Built in 1901, the wooden narrow boat Lilith started life as boat number 9 in the fleet of Coomeswood Ironworks.

She often teams up with the motor boat, Forget Me Not, but is also horsedrawn on occasion. On the first Sunday, Monday and Tuesday of each month, whatever the weather, WCBS volunteers take the pair out for a trip from their base at the Portland Basin Museum in Ashton-under-Lyne to collect unwanted clothes, bric a brac and other items.

Most of the collected material is sold at the WCBS shop. Some items are sold online. Items that can’t be sold at the shop etc are sold to a rag merchant. Scrap metals are stored and then transported to a recycling plant. We recycle as much as possible and use the boats to carry materials whenever possible.

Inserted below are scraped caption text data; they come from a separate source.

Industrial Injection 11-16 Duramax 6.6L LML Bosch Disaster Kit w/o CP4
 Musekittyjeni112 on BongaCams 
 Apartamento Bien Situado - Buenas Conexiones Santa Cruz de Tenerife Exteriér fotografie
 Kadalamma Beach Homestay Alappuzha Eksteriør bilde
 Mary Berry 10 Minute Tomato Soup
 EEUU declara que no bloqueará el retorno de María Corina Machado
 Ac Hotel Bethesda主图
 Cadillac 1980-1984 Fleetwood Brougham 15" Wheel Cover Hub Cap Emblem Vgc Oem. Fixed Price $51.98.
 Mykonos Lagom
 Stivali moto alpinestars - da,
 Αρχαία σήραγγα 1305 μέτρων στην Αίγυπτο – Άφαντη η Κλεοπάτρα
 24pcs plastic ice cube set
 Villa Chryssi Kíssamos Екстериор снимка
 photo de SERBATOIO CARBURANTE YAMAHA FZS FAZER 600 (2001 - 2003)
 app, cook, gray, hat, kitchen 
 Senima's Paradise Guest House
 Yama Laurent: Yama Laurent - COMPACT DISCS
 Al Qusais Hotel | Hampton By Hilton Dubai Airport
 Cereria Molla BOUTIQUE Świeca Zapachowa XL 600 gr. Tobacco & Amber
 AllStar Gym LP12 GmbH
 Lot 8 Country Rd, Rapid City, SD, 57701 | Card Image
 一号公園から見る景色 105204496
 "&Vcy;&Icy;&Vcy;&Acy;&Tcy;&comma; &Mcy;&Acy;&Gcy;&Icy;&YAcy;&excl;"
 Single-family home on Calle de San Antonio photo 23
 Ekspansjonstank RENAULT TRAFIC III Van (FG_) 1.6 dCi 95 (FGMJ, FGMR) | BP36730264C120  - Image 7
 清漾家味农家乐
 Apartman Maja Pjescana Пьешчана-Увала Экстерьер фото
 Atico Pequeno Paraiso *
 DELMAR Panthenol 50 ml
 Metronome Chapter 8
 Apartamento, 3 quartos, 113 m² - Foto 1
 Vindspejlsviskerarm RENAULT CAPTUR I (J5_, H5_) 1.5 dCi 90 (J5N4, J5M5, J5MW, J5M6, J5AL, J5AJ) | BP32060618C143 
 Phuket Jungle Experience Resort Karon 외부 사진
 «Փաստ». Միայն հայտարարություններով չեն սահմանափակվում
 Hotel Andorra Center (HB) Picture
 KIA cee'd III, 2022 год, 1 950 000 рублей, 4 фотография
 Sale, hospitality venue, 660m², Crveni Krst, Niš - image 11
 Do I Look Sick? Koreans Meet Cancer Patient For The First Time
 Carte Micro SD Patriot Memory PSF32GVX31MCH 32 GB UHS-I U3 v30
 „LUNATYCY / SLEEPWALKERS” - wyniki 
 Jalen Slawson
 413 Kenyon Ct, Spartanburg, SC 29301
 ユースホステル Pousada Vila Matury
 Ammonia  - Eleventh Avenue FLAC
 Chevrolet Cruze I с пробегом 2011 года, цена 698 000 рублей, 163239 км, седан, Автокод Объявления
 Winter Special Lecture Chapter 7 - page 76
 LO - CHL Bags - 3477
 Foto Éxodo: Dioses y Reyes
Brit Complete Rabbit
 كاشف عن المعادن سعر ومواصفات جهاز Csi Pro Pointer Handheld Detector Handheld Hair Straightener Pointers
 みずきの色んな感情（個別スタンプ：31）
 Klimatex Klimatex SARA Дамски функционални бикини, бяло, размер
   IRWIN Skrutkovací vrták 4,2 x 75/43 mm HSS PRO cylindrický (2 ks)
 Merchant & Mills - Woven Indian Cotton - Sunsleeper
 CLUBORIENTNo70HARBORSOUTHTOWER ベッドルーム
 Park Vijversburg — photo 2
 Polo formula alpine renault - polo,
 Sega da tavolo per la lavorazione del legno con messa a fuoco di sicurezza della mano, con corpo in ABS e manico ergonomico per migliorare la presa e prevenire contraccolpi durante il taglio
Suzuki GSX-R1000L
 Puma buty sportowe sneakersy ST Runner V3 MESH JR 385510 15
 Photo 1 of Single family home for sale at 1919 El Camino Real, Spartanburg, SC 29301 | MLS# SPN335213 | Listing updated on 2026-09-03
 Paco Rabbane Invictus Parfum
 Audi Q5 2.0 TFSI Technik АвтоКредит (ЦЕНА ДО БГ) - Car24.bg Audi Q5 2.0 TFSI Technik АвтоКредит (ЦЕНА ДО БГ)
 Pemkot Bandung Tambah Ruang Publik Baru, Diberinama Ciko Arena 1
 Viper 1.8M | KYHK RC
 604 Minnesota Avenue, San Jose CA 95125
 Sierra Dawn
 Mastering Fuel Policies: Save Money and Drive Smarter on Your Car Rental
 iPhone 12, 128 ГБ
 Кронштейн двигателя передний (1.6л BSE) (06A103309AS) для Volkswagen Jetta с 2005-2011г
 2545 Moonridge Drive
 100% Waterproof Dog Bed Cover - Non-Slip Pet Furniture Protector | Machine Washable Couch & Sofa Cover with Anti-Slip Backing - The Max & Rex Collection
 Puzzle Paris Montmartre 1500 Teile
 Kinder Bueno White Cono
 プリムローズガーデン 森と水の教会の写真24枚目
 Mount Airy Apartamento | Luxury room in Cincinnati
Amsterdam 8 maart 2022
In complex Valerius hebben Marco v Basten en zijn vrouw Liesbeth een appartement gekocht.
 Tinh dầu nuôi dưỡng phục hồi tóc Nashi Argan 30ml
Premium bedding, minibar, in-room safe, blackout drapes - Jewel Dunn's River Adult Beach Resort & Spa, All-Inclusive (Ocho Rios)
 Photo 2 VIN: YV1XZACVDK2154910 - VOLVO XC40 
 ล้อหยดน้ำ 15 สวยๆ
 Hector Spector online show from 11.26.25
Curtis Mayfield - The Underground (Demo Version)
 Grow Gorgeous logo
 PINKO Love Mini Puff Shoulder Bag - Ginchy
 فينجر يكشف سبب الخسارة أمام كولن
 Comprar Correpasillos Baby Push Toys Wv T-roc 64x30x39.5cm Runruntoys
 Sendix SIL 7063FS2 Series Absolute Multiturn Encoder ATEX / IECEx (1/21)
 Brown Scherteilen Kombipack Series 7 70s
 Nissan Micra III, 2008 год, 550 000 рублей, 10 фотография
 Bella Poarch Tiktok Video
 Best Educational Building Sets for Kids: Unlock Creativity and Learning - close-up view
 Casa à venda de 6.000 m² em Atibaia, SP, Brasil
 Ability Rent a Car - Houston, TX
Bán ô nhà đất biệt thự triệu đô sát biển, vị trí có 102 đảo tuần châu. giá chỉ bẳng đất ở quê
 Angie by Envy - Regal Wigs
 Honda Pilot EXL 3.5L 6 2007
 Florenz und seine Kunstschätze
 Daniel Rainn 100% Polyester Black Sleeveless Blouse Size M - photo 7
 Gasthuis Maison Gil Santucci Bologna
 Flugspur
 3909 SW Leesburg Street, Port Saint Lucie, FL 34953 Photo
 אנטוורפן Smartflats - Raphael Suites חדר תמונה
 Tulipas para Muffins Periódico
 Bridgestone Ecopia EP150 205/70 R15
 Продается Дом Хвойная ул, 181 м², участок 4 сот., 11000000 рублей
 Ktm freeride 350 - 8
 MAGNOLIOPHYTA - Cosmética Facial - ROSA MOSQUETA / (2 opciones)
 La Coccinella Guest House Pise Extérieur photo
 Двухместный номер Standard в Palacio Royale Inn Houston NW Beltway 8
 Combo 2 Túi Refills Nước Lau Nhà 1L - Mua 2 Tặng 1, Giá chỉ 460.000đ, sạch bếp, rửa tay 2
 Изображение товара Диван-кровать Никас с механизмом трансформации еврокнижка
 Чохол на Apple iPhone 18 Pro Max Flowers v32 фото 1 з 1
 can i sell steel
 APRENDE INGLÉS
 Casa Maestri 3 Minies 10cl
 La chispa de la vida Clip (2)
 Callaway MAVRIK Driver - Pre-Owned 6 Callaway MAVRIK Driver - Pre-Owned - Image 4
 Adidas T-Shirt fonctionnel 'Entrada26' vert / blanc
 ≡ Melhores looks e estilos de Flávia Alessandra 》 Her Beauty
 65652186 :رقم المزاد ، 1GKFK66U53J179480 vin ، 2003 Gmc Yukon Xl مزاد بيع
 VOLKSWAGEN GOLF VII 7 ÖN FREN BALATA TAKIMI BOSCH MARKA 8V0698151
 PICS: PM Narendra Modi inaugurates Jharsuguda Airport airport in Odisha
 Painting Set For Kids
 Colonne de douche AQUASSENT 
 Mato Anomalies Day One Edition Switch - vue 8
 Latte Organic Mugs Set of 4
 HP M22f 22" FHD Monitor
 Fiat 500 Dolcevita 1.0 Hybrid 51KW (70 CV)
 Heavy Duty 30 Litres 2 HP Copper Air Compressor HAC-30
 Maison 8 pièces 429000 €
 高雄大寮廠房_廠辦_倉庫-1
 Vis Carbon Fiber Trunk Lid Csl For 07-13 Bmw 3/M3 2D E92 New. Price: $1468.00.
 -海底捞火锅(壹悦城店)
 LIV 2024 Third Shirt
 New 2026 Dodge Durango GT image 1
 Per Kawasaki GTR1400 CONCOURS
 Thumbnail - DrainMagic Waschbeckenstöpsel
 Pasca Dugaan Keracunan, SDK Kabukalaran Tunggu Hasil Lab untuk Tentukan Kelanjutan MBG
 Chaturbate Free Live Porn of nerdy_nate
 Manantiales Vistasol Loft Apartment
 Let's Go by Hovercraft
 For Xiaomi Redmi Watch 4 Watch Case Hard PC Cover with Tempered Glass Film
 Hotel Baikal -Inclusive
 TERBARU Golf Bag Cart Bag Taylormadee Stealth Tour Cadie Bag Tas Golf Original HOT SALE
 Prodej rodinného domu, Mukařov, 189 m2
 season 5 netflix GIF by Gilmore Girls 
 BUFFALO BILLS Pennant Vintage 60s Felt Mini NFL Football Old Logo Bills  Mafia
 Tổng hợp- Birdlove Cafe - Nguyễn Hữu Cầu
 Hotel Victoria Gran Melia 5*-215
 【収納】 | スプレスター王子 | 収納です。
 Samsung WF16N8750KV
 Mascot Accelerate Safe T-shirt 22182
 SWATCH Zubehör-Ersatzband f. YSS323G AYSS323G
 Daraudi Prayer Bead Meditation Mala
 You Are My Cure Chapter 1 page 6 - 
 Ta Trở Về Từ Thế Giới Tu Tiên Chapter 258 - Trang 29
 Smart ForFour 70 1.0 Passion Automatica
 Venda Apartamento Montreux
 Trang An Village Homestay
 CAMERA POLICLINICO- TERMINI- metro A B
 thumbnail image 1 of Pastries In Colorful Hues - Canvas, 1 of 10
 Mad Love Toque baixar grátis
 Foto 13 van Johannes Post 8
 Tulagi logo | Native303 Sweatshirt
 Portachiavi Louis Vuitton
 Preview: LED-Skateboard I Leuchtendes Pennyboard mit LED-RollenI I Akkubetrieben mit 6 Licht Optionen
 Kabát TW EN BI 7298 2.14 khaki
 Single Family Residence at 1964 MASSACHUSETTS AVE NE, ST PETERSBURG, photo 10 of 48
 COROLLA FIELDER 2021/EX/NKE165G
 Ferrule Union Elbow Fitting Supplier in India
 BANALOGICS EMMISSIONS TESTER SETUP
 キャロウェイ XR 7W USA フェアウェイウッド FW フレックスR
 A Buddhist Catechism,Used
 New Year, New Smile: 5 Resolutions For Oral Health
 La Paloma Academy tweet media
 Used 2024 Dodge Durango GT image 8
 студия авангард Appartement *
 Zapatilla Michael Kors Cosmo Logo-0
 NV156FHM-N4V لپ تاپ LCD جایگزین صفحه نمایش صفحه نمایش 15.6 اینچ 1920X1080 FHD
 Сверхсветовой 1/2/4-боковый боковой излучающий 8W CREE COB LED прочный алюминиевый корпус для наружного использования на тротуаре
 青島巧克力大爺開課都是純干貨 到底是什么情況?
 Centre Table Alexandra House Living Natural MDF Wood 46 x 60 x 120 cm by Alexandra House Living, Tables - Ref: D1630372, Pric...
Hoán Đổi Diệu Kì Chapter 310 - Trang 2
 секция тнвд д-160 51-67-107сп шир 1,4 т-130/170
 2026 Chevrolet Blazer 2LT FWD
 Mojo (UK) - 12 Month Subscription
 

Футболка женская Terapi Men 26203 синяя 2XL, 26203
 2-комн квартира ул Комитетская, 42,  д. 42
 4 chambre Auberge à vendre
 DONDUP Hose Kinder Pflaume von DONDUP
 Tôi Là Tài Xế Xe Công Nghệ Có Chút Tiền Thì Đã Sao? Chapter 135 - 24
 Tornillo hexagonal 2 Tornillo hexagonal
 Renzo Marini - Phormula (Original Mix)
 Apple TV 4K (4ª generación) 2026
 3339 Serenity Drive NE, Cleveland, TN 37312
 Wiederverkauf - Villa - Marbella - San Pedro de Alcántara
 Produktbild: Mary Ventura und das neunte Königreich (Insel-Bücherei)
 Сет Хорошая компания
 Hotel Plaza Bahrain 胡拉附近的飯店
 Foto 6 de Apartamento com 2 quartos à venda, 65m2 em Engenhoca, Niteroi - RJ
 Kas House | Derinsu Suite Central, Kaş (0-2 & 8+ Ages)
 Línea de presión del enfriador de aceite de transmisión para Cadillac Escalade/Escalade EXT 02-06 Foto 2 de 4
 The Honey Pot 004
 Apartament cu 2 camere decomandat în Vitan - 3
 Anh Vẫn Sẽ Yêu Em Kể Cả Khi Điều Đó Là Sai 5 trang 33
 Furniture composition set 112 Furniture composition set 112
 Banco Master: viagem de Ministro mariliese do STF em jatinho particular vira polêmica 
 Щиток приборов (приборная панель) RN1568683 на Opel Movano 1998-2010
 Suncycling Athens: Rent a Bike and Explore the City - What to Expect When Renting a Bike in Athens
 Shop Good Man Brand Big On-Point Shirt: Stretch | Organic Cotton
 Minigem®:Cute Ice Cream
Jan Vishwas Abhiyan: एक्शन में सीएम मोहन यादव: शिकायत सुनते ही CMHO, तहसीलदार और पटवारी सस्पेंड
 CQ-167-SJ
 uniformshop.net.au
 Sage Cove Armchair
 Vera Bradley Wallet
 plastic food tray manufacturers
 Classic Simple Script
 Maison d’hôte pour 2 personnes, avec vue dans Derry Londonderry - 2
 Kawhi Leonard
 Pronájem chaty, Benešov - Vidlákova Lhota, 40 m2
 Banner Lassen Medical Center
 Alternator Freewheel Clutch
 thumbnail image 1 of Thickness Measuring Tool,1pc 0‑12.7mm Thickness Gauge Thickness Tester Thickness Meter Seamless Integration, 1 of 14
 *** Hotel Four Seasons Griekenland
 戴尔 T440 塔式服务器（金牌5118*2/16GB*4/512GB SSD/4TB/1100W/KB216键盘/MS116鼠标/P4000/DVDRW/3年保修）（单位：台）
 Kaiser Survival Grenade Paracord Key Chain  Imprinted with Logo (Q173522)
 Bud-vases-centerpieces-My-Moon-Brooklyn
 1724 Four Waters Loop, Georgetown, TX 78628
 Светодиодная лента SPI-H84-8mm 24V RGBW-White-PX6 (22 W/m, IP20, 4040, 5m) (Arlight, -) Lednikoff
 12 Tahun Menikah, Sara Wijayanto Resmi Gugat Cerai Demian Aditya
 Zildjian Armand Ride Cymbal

On August 21st, 2000, Lilith delivered what was probably the first real load to be carried entirely on the Ashton canal for over 40 years. She left Portland Basin with four tons of scrap filling her hold. She was towed 2.5 miles to Fairfield Junction by Forget Me Not, then bow hauled down 17 locks to Vesta Street canal maintenance yard, in Ancoats.

The following day, with help from British Waterways staff, the boat was unloaded. The metal continued its journey by road to the recycling centre, in Trafford Park.

One thought on “Lilith

  1. Wonderful story! I didn’t know that any wooden narrowboats had survived. Four one week narrowboat hires and the only old narrowboats I’ve seen were riveted (probably) wrought iron. Would love to visit your boatyard.

    A thought, after reading this story: One would think that whoever charges for navigation through Manchester would have waived the charges so that Lilith and Forget Me Not could have delivered their cargo all the way to its final destination.